Operations security (OpSec, OPSEC) is a process that identifies critical information to determine if friendly actions can be observed by adversary intelligence systems, determines if information obtained by adversaries could be interpreted to be useful to them, and then executes selected measures that eliminate or reduce adversary exploitation of friendly critical information. Translated this means that encrypting stuff may not be enough to avoid leaking information. OpSec is a series of measures and mindsets helping you to keep yourself, your data and others secure (i.e. free from threats).
OpSec can be hard or easy, it depends to a great deal on the threats you have to counter. To give you an example, let's take a look at someone communicating via e-mail using the same infrastructure. This can be an e-mail client configured with different accounts used by the same person. Even if you encrypt all your e-mail content, you will still be generating transaction logs with addresses in clear. These logs can be on your local machine and very likely on machines belonging to your ISP(s). This graph shows the communication structure. Addresses are anonymised. Links between nodes denote communication. Thicker lines mean that more e-mails have been sent. You see two central nodes which are probably the two most used accounts to send e-mails. Recipients overlap, so both accounts have common contacts. There is a lone pair of nodes on the right which indicates a third account being used to send e-mails to a single recipient. Now imagine that the data is anonymised. Logs contain the full e-mail addresses! Everyone accessing these transaction logs can create these graphs very easily.
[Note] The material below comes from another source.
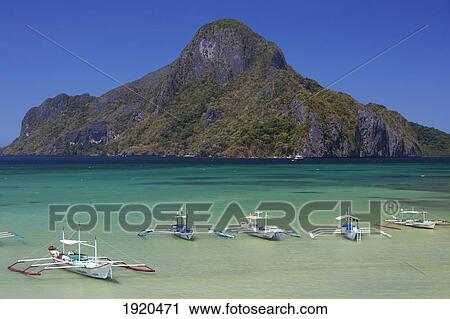traditional bangka boats in the bay near el nido; bacuit archipelago, palawan, philippines View Large Photo Image Stock Image - traditional bangka boats in the bay near el nido; bacuit archipelago, palawan, philippines. Fotosearch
OpSec aims to avoid information leaks of this kind (which is a simple example, OpSec is about much more!).
OpSec also helps to think in different contexts and to grasp the threats behind the technologies used. „I use TOR on my cell phone.“ turns into „I use TOR on my ankle monitor.“. Try not to get too attached to gadgets and tools when thinking about OpSec. Once the power goes out, it's good to know what low-tech and the KISS principle was all about.
OpSec is about attracting the right amount of attention and not to raise any suspicion. You want to act like a real person with a non-threatening agenda. Attracting attention increases your exposure and the chance for Bad Things™ to happen. Remember, not being a target is the best way to avoid trouble.